Its global footprint includes Canada, the United States, Spain, Germany, Italy, Brunei, Indonesia, Malaysia, Singapore, Thailand and Australia.
There are plans to expand its presence in the US both online and through bricks-and-mortar retailers.
The company is also moving into Britain and North Asia.
In line with its North Asia push, Skin Inc received a strategic investment from Korean entertainment conglomerates Spackman Entertainment Group and Spackman Media Group in March.
South Korean actress Son Ye Jin, who is managed by Spackman Media Group, is now the face of Skin Inc - its first ever "brand evangelist".
Even as it takes on the world, Skin Inc is also integrating big data into its growth strategy.
The company is tapping its database of customer "skin check" questionnaires to come up with new products.
More than one million people have completed these online skin checks.
"We found out that half of our customers are millennials and their skin needs are different," Ms Tan says of the data collected from the skin checks.

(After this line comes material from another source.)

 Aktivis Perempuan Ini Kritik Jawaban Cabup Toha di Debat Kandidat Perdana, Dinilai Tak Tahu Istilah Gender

"They break out more often and those aged below 28 might not be worried about ageing but have other concerns, like sensitive skin."
In response, Skin Inc launched the Optimizer Voyage Blue Light.
The device is a pared-down version of the brand's Optimizer Voyage Tri-Light introduced in 2015 - a handheld wireless device that uses coloured light-emitting diode (LED) chromotherapy to treat problems such as acne, redness and dullness.
The original device has three light settings, while the Optimizer Voyage Blue Light comes with just one and is targeted at sensitive, blemish-prone skin.
"We designed one with a single light and at a cheaper price (targeted at millennials) so customers in that age group can afford it," says Ms Tan. "We want our products to be relevant to you and to impact your life. The data is crowdsourced and we then bring that voice back to the lab."